Discussion in 'Music Corner' started by mark winstanley, Apr 4, 2021.

  1. All Down The Line

    All Down The Line The Under Asst East Coast White Label Promo Man

    Location:
    Australia
    Doing The Best For You

    I like Dave's softer singing here and the song appears to be higher on the scale of concision and structure which is great though i concur that that synth riff may take more getting used to.
    Prefer the solo guitar work here but it is way to short, thems the breaks!
     
  2. markelis

    markelis Forum Resident

    Location:
    Miami Beach FL
    This is tricky. Right now I am in such a “Kinks and only Kinks“ mode that I’m going to have trouble approaching this album with the open mind it’s going to clearly require. It’s not the kinks, it’s Dave solo. It’s not going to sound like the kinks, or why would he bother doing a solo album? But I WANT it to sound like the kinks and that’s the problem. I am measuring each one of the songs on this album to see if it would fit on my Kinks playlist for the Arista era.

    I love Dave’s work within the kinks, but I don’t envision I would make a separate Dave Davies playlist, because a bit like Will Farrell, he is great in small doses. Maybe a better analogy would be Keith Richards. I love the Stone. I love when Keith Richards sings a song (or even sometimes two) on a stones album. But every time I make a Keith Richards playlist, I never play it, probably because I would rather hear the stones.

    I’m not going to opine yet on today’s two songs. I need a bit more time with them. I like the guitar work in the first one, though I haven’t yet got a feel for what he’s trying to achieve song-wise. It needs a few more plays to see if it crystallizes into a “song”.

    The second song sounds pretty good so far actually. I guess, like our fearless leader, the 80s sound doesn’t bother me. I hear the icey sounding synths and I just think, Aldo Nova, Foreigner, Journey. And I think to myself, why wouldn’t Dave try to incorporate that sound at that time? He is a guitar hero and if he’s going to do a solo album, he should do guitar heroics, and if he wants to be accepted by the masses as a guitar hero, why not incorporate his guitar heroics into the current song styles of the era.

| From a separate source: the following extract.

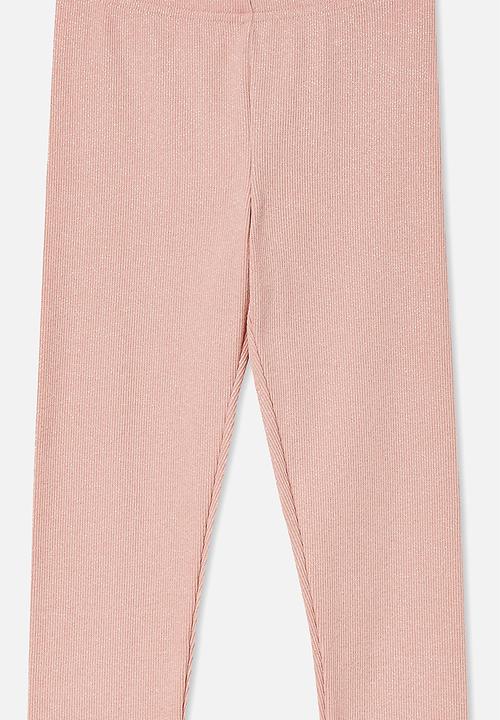 Cotton On - Huggie tights - zephyr/sparkle rib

    anyway, I am going to keep giving the album some spins over the weekend and hopefully be able to give some more definitive thoughts by Monday.
     
  3. Brian x

    Brian x the beautiful ones are not yet born

    Location:
    Los Angeles
    His name was Tony Kunewalder. We were inseparable, even when we were continents apart, from 8th grade till the day he died. Wrote together, shot together, traveled the world together. Thanks for the kind words.
     
  4. Boom Operator

    Boom Operator Shake hands with yesterday's tomorrow

    Location:
    Sherman Oaks, CA
    In the United States, the first LP by The Kinks to feature (if that's the correct term) a barcode was Give the People What They Want—issued midsummer '81.

    ~Huck
     
  5. Boom Operator

    Boom Operator Shake hands with yesterday's tomorrow

    Location:
    Sherman Oaks, CA
    DJ:

    Yes, I worked at Disneyland for five years in the ‘70s (great fun!) and quit in late August of ’80.

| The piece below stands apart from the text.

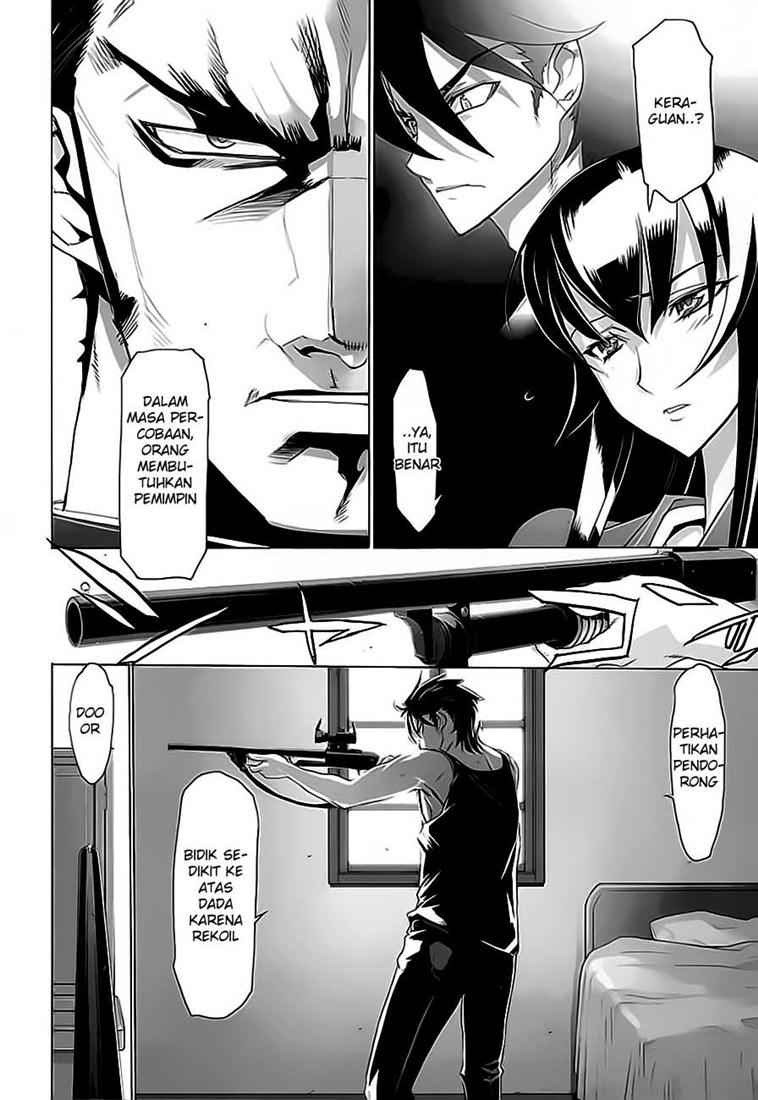 Baca Highschool of the Dead - Chapter 12 halaman 33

    This was pre-Eisner, pre-EPCOT—back when the park was closed on Mondays and Tuesdays during the winter and still run by people who’d worked with and for Walt Disney, himself. It was quite a different place than it is now. We were well paid, there were fewer than 2,000 year-round employees and management tried hard to fit schedules around school and other pursuits (such as playing in a band!).

    Like many of my friends there, I’d first been offered a ride operator position but had heard that sweepers had a lot more fun and only made a nickel less per hour than the ROs (we were ALF-CIO while they were Teamsters) so I waited until there was an open sweeping position. Allowing for night differential (no longer offered) and foreman rate, I'm told I made more back in 1977 than the typical sweeper earns now. Sheesh.

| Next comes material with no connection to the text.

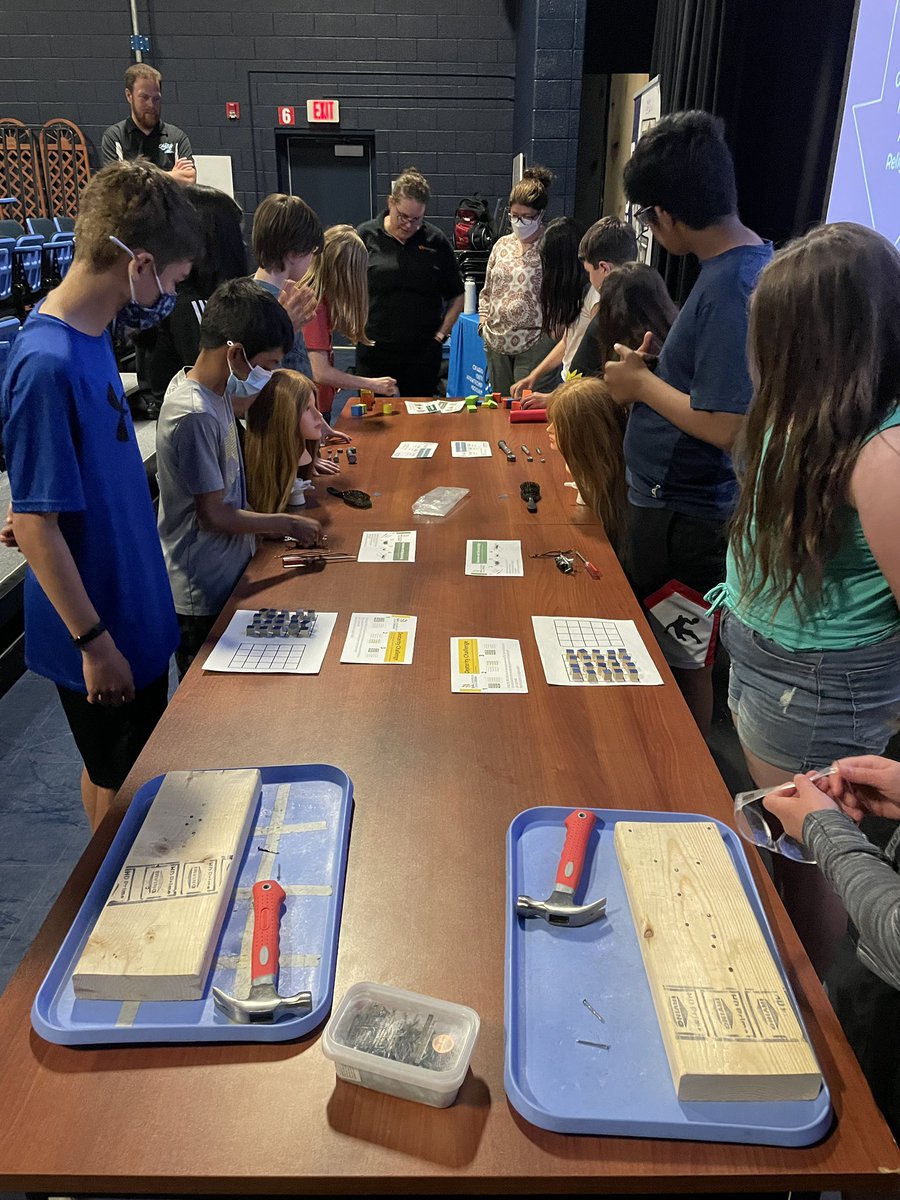 KHamilton86's tweet photo. @zlightningbolt was on fire today at @TheBlueBlast for the gr6 #taketech presentation! They were so invested learning about their future and #pathways available to them! See you in 2 years kiddos! #infoispower @WellingtonCath @WellCDSBOYAP @isthisnextweek @EClutton https://t.co/ssW21JVv55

    We typically walked 30 miles a day, had keys that opened up pretty much everything at the place and were able to spend more than a fair amount of time chatting up the many cute outdoor foods girls selling popcorn, etc.

    All this and many of my workmates were enthusiastic fans of The Kinks! So, we often traveled as a group (with girlfriends and wives in tow) to see the boys play whenever they were anywhere near Southern California.

    Ain’t life somethin’?!? ;)


    ~Huck
     
  6. Paul Mazz

    Paul Mazz Senior Member

    "Where Do You Come From?"

    I like the opening instrumental section, but once Dave starts singing the song gets on my nerves a little. There’s not much to make the song memorable to me. Definitely not a song you want to listen to when you have a headache.

    "Doing The Best For You"

    This one I like a lot better, musically. At least there’s a discernible melody. Not a big fan of the song lyrically.

    Speaking of the melody, I hear a strong resemblance to Mason Williams “Classical Gas,” a tune I hadn’t thought about in ages.

     
  7. ajsmith

    ajsmith Senior Member

    Location:
    Glasgow
    Interesting: so it was a pretty new thing at the time. There’s a Clash single from circa this era that has a silhouette of a hand flipping the bird superimposed over it’s bar code: I guess that represents another acts small statement of rebellion through graphic design against the widespread adoption of this system.
     
  8. DISKOJOE

    DISKOJOE Boredom That You Can Afford!

    Location:
    Salem, MA
    It must have been a fun time for you. When I went there in 1988, it was w/a friend of my friend who was a voice actress and who went there so many times that she actually had a yearly pass like people back here having a pass to get on the trains and buses. She showed me to a place that was somewhat hidden where she said that the Disney family still had a private apartment.
     
  9. Boom Operator

    Boom Operator Shake hands with yesterday's tomorrow

    Location:
    Sherman Oaks, CA
    It was indeed strange when supermarket checkout clerks stopped calling out prices and instead scanned each item’s Universal Product Code. As that started happening in Southern California (at many stores, anyway) in early 1979, we all assumed it wouldn’t be long before barcode usage spread to albums and just about everything else.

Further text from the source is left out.